◆ Record set ◆
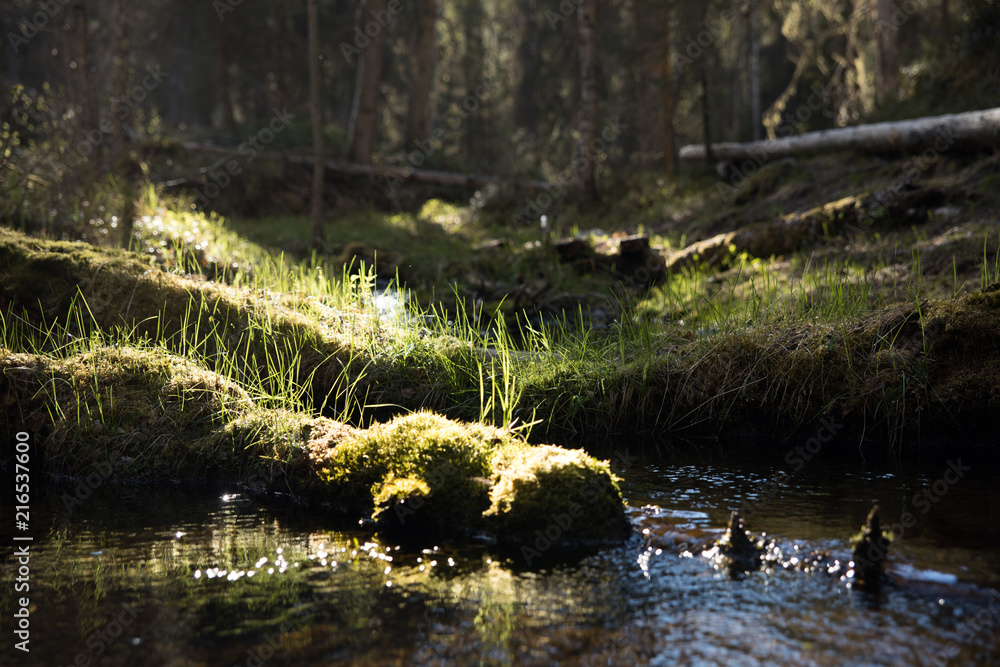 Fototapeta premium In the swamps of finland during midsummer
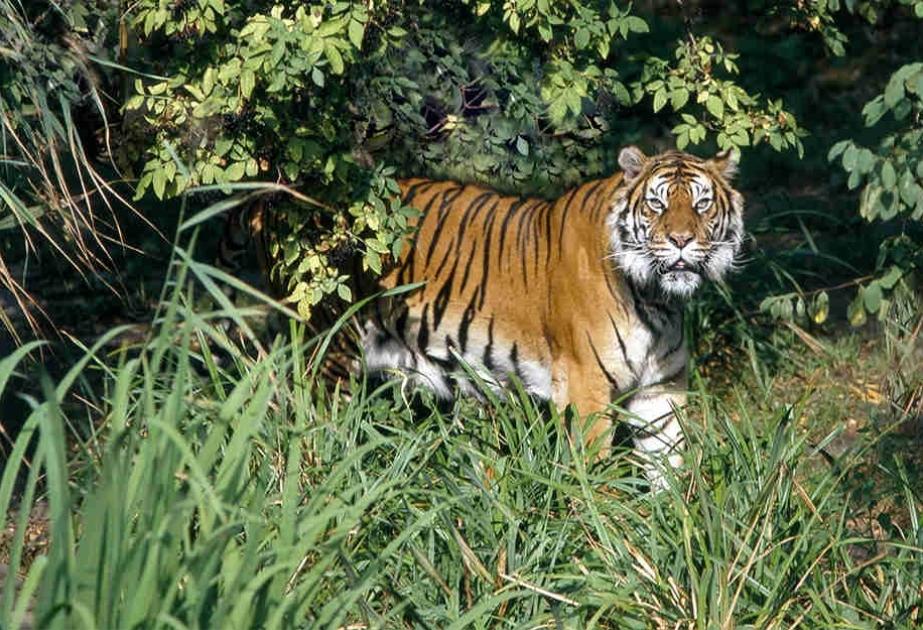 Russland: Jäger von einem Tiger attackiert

==

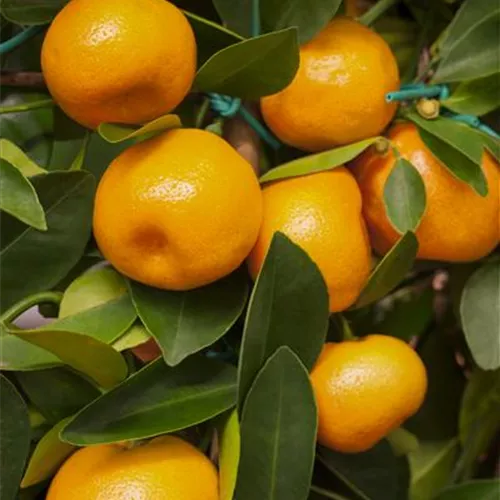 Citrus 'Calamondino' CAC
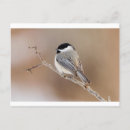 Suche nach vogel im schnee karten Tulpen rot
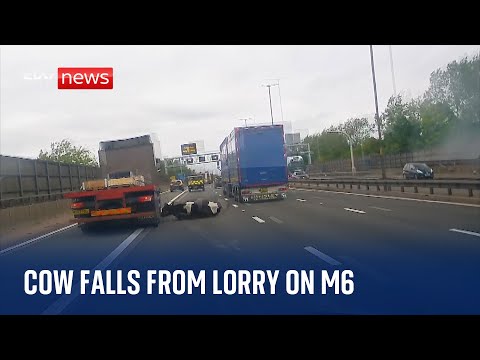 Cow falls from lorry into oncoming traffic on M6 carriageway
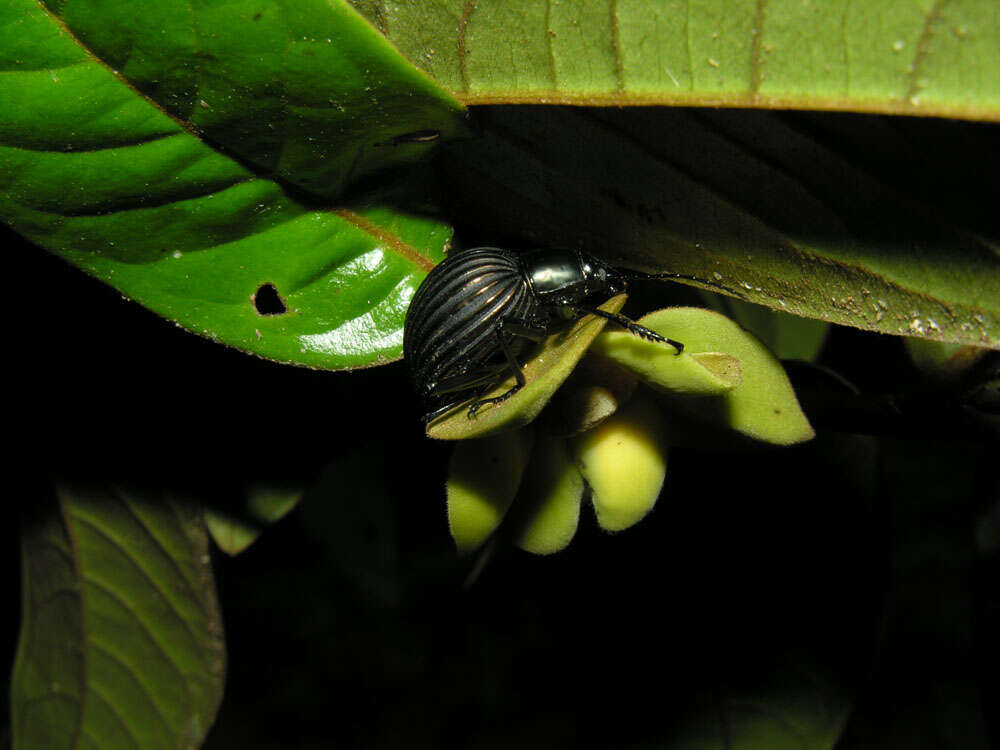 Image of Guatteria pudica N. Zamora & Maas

==

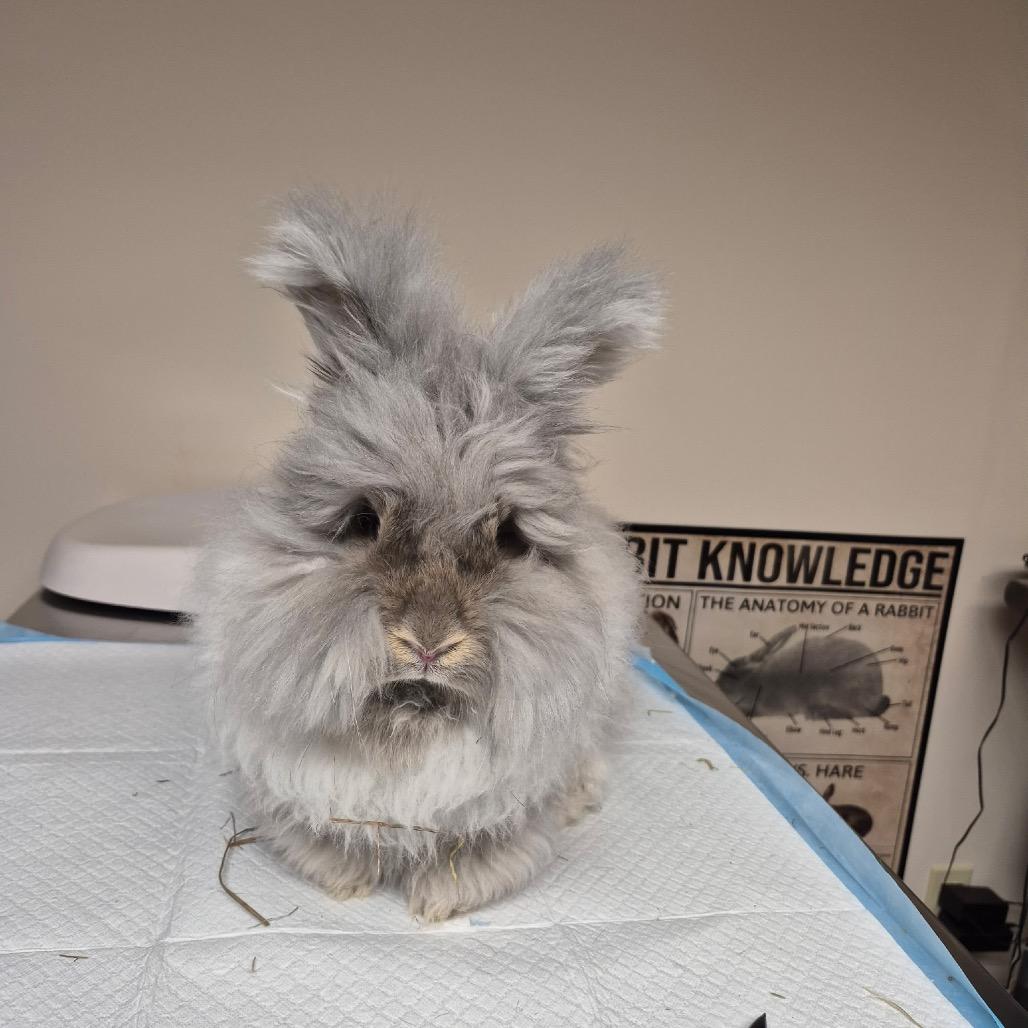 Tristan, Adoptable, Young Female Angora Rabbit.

◆ Directions for this task ◆
Would you write out exactly the lines above, starting at the line containing "Cow falls from" and stopping after the line containing "Image of Guatteria pudica N. Zamora & Maas"? Omit the pictures.

◆ Answer section ◆
 Cow falls from lorry into oncoming traffic on M6 carriageway
 Image of Guatteria pudica N. Zamora & Maas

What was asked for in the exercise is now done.